But suddenly it’s all changed, and instead of me doing this, it’s Dave. He’s doing it. And the reason he’s doing it is because I’ve started work. I’ve actually gone and got a bloody job. And not only do I need to change the title of this blog (yes, yes, I know, and I should make it look less shonky while I’m at it, thanks for reminding me) but I also need to stop whinging about the fact that I don’t have a job. Because I do. And it’s started. Today.

And because I was so caught up in the guilt and the awfulness and the what-the-fuck-have-I-done-ness of trying to cope with a toddler and a baby simultaneously, I completely forgot to think about how utterly bereft I might feel having to spend all my time away from them. It’s bloody awful. I couldn’t think about Teddy without a little tear springing to my eye* which is just not cricket in a new office, surrounded by new colleagues, wearing new officey clothes, and trying to be professional and not swear, cry or leak milk out of one’s boobs at any given moment. And I couldn’t think about Felix without said milk having a little spurt. A fine-knit pale grey sweater was not the best choice, in hindsight.

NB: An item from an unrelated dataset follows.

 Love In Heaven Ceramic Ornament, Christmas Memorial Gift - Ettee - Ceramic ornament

By the time I got home, I had one boob the size and consistency of a large grapefruit (the other one just sat there, being all unhelpful when it came to balance and aesthetics and all of that – bad boob), a stomach full of stress, a heart full of guilt, and I had about seven minutes with Teddy before it was bathtime. Felix smiled at me gloriously and gummily, largely ignoring the bionic breast I was beating her around the head with.

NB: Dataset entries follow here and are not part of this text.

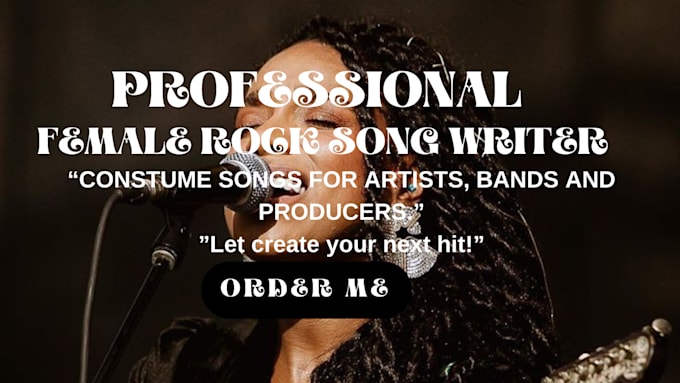 Gig Preview - Be your female rock singer, blues singer and music production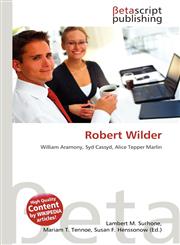 Robert Wilder,6135171682,9786135171686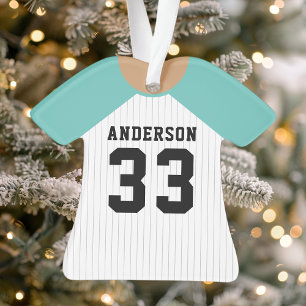 Maillot de baseball sarcelle personnalisé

Who does this awful thing to women? Who makes us fall in love with these helpless, loud creatures when we’re not looking? And who then makes us think that the best thing to do would be to go to work so we can pretend to be the women we were before we procreated? Why is that a good thing? Wouldn’t it be far better to stay at home playing Duplo, covered in a patchwork of bodily secretions, and not wearing mascara for weeks on end on account of not leaving the house?

Me. I’ve done this awful thing to me. The grass is always so much greener absolutely everywhere I look. When I was at home, looking after the sprogs, all I wanted was to have something creative and interesting to think about again. And while I was child-caring, I thought I was – largely – making a pig’s ear of it all. Just last week I thought to myself, when am I going to be the parent that I expected I was going to be?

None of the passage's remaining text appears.